If successful, the company hopes to roll out LaundryView to the 100 colleges and universities it now services in Greater Boston, as well as to some luxury condominium and apartment buildings.

Prompted by student dissatisfaction with the old system of writing names on a signup board, Olin officials agreed to try the service. For the school, LaundryView is a chance to offer students a "how-did-we-live-without-this" amenity at no cost, because Mac-Gray buys and maintains the equipment, including the browser. All the school does is keep the laundry room clean and collect a share of the revenue.

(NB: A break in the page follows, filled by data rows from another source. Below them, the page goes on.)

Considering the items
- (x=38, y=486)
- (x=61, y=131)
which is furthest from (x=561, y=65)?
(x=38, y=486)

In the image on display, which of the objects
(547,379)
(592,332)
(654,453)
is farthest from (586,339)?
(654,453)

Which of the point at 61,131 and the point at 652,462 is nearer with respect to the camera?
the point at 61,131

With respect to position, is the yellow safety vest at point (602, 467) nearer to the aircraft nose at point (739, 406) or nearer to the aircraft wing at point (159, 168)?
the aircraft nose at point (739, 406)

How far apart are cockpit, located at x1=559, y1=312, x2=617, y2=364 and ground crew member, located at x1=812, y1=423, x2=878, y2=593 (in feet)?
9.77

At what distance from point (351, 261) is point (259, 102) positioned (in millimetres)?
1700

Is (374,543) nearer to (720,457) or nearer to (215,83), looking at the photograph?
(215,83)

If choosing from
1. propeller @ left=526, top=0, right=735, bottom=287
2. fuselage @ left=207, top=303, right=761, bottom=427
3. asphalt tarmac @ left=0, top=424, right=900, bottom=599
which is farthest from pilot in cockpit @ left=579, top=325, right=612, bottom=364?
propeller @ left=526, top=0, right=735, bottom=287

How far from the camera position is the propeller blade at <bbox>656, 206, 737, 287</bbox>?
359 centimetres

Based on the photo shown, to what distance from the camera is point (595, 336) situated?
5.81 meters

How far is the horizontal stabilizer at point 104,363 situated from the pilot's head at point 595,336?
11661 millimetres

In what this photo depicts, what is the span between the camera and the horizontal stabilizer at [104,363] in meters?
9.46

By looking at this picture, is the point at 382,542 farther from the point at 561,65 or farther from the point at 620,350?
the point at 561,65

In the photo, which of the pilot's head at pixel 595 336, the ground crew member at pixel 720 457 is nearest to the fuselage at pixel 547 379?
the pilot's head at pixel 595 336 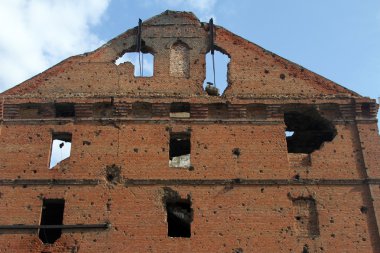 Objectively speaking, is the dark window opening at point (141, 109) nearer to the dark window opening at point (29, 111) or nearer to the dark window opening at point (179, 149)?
the dark window opening at point (179, 149)

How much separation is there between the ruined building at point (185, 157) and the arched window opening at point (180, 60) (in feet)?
0.16

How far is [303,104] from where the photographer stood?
16.8 metres

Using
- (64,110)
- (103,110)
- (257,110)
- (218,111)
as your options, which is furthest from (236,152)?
(64,110)

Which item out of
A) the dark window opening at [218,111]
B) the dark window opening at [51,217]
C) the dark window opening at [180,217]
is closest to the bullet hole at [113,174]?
the dark window opening at [51,217]

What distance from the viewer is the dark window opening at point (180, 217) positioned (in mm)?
15209

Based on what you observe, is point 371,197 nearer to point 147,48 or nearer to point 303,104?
point 303,104

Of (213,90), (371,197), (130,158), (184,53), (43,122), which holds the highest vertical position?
(184,53)

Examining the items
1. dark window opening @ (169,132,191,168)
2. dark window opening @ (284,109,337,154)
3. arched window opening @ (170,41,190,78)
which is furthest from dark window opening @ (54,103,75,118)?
dark window opening @ (284,109,337,154)

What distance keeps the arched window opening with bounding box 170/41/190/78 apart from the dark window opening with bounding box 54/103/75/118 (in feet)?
11.2

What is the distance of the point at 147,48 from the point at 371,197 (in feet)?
28.4

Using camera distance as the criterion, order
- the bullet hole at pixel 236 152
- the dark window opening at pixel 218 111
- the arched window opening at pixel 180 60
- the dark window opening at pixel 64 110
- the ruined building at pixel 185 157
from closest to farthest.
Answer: the ruined building at pixel 185 157 < the bullet hole at pixel 236 152 < the dark window opening at pixel 218 111 < the dark window opening at pixel 64 110 < the arched window opening at pixel 180 60

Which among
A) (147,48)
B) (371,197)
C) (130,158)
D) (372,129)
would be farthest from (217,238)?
(147,48)

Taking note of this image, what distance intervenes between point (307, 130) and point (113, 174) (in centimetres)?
664

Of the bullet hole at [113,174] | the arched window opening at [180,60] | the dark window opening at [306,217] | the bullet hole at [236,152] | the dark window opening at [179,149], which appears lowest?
the dark window opening at [306,217] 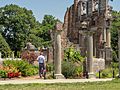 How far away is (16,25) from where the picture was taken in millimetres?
82688

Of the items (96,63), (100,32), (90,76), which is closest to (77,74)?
(90,76)

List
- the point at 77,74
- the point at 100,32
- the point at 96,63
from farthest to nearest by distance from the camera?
the point at 100,32
the point at 96,63
the point at 77,74

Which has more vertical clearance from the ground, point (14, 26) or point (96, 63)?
point (14, 26)

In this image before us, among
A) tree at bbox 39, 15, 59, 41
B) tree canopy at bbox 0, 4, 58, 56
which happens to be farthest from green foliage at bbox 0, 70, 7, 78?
tree at bbox 39, 15, 59, 41

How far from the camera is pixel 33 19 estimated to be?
87750 millimetres

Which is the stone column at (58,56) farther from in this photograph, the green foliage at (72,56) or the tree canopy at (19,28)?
the tree canopy at (19,28)

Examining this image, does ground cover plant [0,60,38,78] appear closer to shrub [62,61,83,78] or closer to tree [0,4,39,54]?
shrub [62,61,83,78]

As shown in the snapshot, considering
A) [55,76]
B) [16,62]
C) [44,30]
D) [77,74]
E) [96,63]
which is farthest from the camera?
[44,30]

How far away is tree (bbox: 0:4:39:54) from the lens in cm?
8206

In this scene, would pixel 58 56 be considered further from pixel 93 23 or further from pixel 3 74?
pixel 93 23

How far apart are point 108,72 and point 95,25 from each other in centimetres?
2739

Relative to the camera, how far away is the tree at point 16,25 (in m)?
82.1

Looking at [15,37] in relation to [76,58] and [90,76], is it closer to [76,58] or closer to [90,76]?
[76,58]

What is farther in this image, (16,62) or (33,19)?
(33,19) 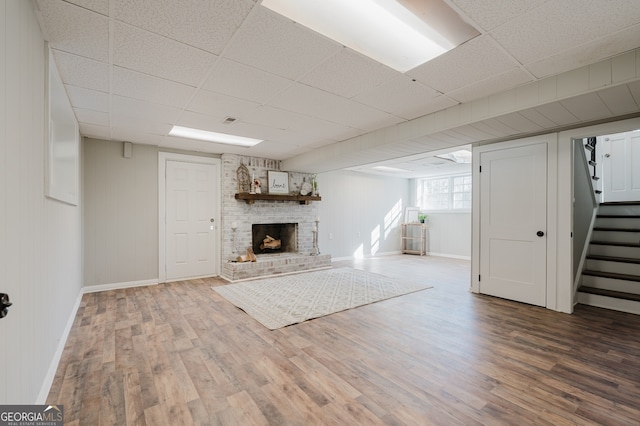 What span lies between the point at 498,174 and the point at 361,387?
3.48m

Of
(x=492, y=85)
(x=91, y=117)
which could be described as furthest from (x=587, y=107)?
(x=91, y=117)

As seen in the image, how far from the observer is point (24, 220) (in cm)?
155

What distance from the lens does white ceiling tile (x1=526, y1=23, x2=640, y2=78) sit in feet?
6.66

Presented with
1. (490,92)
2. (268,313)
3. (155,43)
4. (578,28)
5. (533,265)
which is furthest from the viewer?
(533,265)

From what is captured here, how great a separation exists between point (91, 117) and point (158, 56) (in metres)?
2.04

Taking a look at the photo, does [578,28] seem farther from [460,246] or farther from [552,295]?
[460,246]

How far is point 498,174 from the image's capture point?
13.4ft

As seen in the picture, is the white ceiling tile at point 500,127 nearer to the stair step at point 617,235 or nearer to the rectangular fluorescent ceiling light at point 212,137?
the stair step at point 617,235

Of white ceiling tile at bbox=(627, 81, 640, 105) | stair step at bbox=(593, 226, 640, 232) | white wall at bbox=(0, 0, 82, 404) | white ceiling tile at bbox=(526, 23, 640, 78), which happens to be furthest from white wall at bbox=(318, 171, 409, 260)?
white wall at bbox=(0, 0, 82, 404)

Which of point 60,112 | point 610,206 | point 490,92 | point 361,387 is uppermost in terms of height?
point 490,92

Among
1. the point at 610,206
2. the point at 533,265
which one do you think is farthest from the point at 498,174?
the point at 610,206

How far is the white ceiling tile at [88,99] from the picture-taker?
2.88 metres

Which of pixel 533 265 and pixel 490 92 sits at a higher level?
pixel 490 92

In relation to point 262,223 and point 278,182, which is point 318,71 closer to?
point 278,182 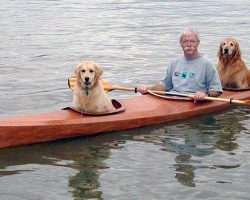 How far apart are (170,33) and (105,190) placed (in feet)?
47.5

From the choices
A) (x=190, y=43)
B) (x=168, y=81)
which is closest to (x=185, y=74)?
(x=168, y=81)

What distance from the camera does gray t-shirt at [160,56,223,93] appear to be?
31.9ft

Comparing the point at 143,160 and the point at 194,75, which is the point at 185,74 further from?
the point at 143,160

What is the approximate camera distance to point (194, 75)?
9.79m

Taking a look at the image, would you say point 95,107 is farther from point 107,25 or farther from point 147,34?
point 107,25

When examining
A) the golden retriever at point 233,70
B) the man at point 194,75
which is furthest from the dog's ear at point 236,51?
the man at point 194,75

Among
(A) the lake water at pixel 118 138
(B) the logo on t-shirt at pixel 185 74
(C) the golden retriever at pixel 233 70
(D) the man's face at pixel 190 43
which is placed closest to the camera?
(A) the lake water at pixel 118 138

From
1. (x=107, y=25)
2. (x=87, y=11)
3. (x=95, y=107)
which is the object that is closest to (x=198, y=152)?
(x=95, y=107)

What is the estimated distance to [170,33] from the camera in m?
21.0

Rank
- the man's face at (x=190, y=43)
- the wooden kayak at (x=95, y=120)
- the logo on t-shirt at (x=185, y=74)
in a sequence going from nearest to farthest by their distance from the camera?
the wooden kayak at (x=95, y=120) → the man's face at (x=190, y=43) → the logo on t-shirt at (x=185, y=74)

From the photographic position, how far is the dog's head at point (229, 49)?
10852 millimetres

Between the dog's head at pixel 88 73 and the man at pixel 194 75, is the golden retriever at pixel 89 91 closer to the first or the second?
the dog's head at pixel 88 73

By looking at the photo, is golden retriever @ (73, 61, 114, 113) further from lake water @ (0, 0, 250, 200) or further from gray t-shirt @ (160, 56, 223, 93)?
gray t-shirt @ (160, 56, 223, 93)

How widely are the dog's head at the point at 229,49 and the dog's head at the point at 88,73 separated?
2.99 metres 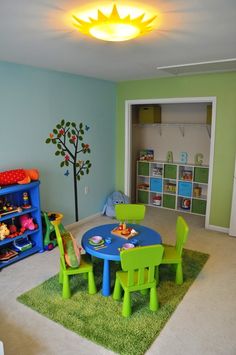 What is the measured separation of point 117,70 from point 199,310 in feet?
9.94

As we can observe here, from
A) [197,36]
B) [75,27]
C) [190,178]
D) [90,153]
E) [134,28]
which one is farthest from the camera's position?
[190,178]

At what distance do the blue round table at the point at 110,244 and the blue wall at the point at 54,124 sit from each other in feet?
4.36

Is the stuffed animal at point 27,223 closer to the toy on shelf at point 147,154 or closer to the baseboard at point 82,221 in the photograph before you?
the baseboard at point 82,221

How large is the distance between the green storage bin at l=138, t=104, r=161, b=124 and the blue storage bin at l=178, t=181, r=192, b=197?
1293mm

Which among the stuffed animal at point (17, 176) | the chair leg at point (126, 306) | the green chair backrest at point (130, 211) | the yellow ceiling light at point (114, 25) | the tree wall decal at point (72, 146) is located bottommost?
the chair leg at point (126, 306)

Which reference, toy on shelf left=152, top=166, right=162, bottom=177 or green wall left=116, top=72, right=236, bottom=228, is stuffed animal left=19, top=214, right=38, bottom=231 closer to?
green wall left=116, top=72, right=236, bottom=228

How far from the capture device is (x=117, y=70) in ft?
12.8

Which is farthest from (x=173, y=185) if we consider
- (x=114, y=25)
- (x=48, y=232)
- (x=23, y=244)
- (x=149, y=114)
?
(x=114, y=25)

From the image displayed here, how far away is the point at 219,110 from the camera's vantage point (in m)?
4.18

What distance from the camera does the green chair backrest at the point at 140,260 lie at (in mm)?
2342

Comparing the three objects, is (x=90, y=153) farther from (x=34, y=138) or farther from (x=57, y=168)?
(x=34, y=138)

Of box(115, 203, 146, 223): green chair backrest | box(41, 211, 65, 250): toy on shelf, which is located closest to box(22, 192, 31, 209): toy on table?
box(41, 211, 65, 250): toy on shelf

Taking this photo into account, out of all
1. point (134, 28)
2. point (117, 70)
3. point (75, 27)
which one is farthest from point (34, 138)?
point (134, 28)

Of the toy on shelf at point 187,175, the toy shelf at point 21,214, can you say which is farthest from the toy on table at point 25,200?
the toy on shelf at point 187,175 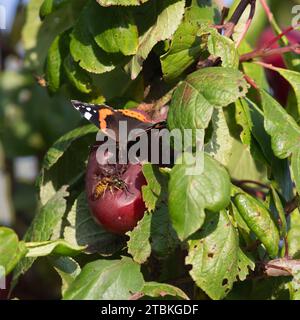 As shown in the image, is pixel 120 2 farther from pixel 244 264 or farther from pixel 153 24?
pixel 244 264

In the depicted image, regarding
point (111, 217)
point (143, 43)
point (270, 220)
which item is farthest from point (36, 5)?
point (270, 220)

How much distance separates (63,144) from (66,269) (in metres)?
0.18

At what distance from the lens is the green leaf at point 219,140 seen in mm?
1049

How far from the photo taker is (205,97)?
951 mm

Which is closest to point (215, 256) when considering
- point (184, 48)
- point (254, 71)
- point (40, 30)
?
point (184, 48)

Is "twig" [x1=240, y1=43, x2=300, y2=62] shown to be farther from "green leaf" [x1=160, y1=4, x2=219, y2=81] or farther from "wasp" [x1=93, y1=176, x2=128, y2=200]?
"wasp" [x1=93, y1=176, x2=128, y2=200]

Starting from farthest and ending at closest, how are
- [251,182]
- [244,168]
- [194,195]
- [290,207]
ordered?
1. [244,168]
2. [251,182]
3. [290,207]
4. [194,195]

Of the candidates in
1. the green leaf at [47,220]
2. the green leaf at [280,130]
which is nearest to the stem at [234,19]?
the green leaf at [280,130]

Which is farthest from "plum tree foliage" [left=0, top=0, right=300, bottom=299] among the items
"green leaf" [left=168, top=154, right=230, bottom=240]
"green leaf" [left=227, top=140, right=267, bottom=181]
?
"green leaf" [left=227, top=140, right=267, bottom=181]

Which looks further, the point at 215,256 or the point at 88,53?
the point at 88,53

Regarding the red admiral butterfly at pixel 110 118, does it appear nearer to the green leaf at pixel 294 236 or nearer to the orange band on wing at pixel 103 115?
the orange band on wing at pixel 103 115

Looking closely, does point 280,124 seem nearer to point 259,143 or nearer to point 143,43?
point 259,143

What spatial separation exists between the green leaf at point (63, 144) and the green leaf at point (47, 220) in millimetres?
46

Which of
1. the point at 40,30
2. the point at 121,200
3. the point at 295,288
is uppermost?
the point at 40,30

"The big convenience is, everyone’s time is precious," said Scott Slaboden, Olin’s assistant director of campus services. "Classes end and start at the same time, so this allows people to maximize their time." The school, now in its second year of existence, has 150 students living in one residence hall. A second dorm will open next year.

Because the entire Olin campus is wired as an ethernet network and students are required to have laptops, Slaboden said the school is a perfect fit for LaundryView.

"We try to stay on the cutting edge in all products," said Slaboden, who added that the school regularly asks vendors to use students as beta testers.

With the experiment a couple of weeks old, LaundyView is making the grade with the future engineers at Olin.

"LaundryView is nice because not only can you easily check the laundry rooms on all four floors, but you can also see how many people are waiting to be notified about available washers and dryers," said student Sarah Oliver via e-mail.

"I personally like [it]," said Frances Haugen, now in her second year. "It might be a little gimmicky, but I often forget when I put my laundry in and come back three hours later and my stuff is on the floor."

Haugen said she and her friends often leave a small window open on their computer desktops while studying to keep an eye on wash and dry cycles. Others get alerts text-messaged to their cellphones. "It has the potential to be useful, but right now it’s the cool factor."

"It’s easy to use, intuitive," said Jeffrey Satwicz, a sophomore.

As the school works to install electronic card readers to accept student "smart cards," now used to pay for meals in the campus dining hall, it is also looking into Mac-Gray’s electronically controlled laundry detergent dispensers. For now, though, students still have to raid vending machines to collect the 10 quarters to do a single load and lug that box of soap.

"We’re engineers, so we like pragmatic solutions," said Haugen. "College students don’t do laundry, so anything that makes the process easier is good."